◆ Work task ◆
Print the listing exactly as it stands, and skip any pictures in it.

◆ Dataset excerpt ◆
= Beginning of Section =

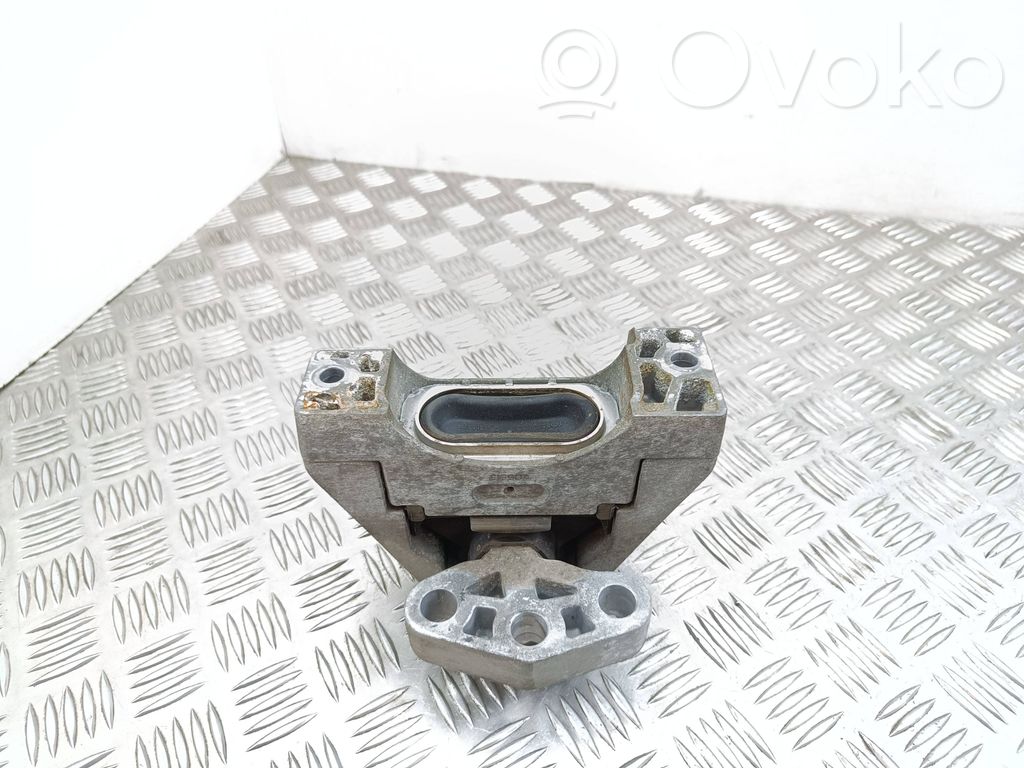 Engine mount bracket   13112022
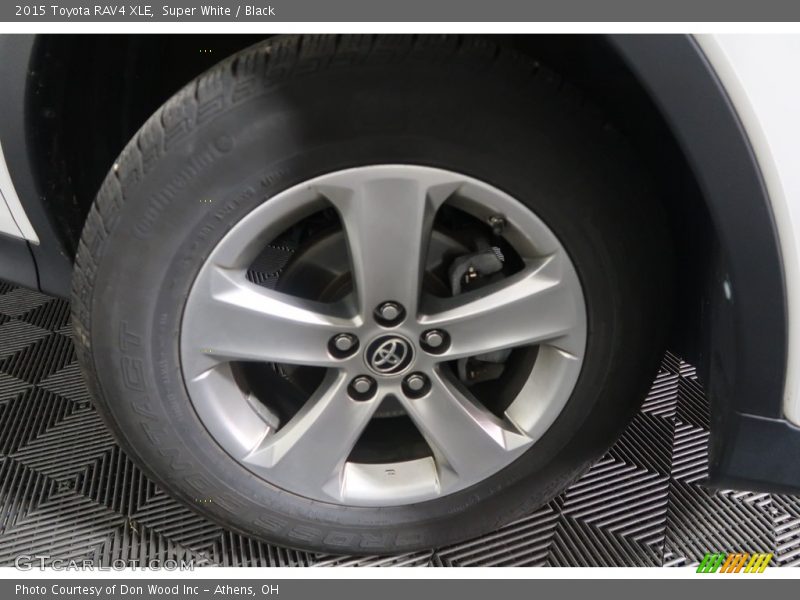Super White / Black 2015 Toyota RAV4 XLE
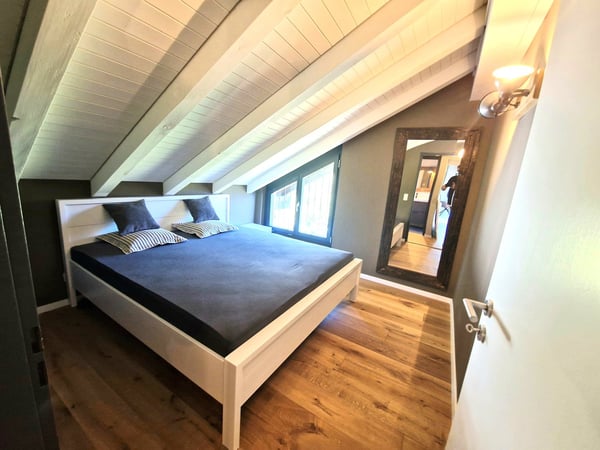 ***Sonniges BIJOU 2.5 - Dachwohnung mit toller Aussicht und nahe dem Laaxer See in Laax Dorf*** 6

= End of Section =

◆ Written answer ◆
 Engine mount bracket   13112022
Super White / Black 2015 Toyota RAV4 XLE
 ***Sonniges BIJOU 2.5 - Dachwohnung mit toller Aussicht und nahe dem Laaxer See in Laax Dorf*** 6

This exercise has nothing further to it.